(RAW DATA)

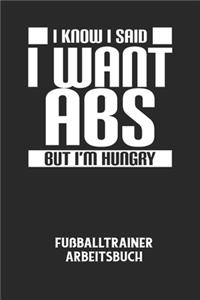 I KNOW I SAID I WANT ABS BUT I'M HUNGRY - Fußballtrainer Arbeitsbuch
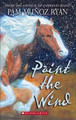 Paint the Wind by Pam Munoz Ryan 9780545101769
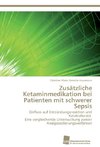 Zusätzliche Ketaminmedikation bei Patienten mit schwerer Sepsis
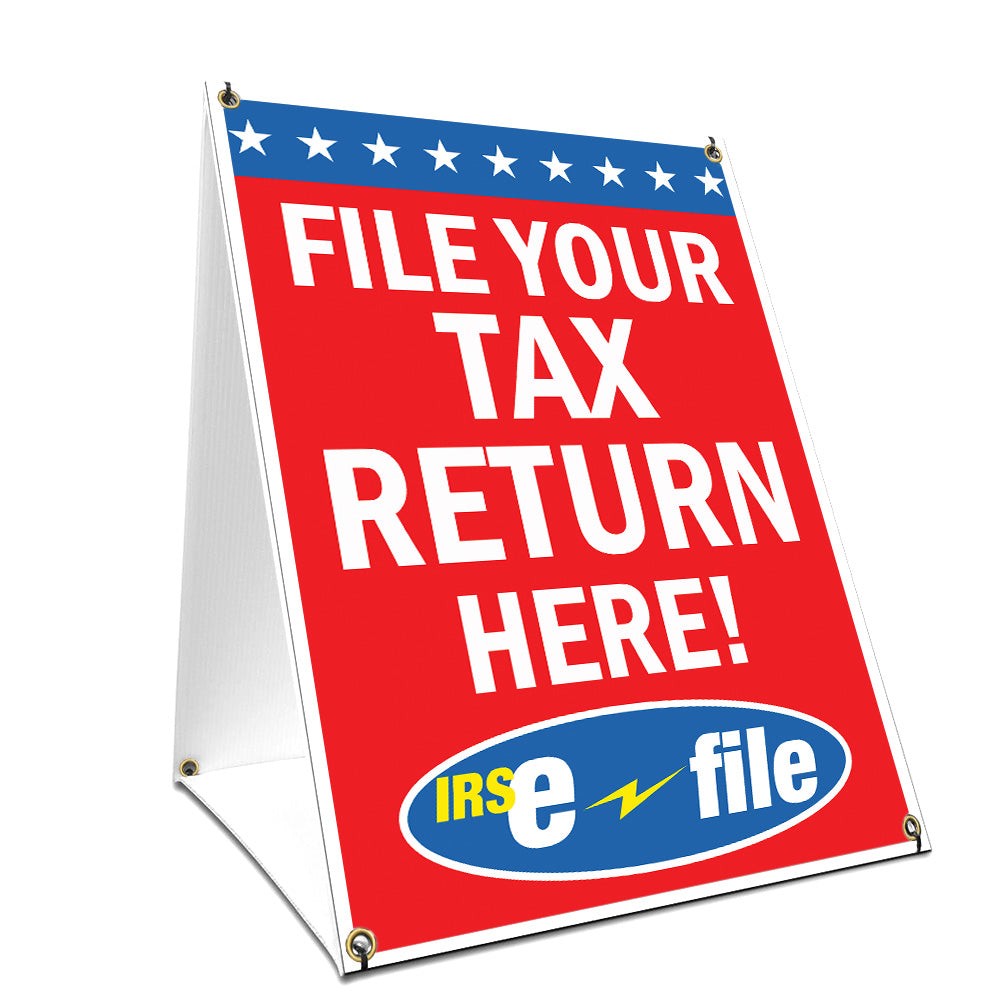A-frame Sidewalk File Your Tax Return Here Sign With Graphics On Each Side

(End RAW DATA)

▶ [EXERCISE]:
Set the listing above down again exactly, leaving pictures out.

▶ [RESPONSE TO THE TASK]:
 I KNOW I SAID I WANT ABS BUT I'M HUNGRY - Fußballtrainer Arbeitsbuch
 Paint the Wind by Pam Munoz Ryan 9780545101769
 Zusätzliche Ketaminmedikation bei Patienten mit schwerer Sepsis
A-frame Sidewalk File Your Tax Return Here Sign With Graphics On Each Side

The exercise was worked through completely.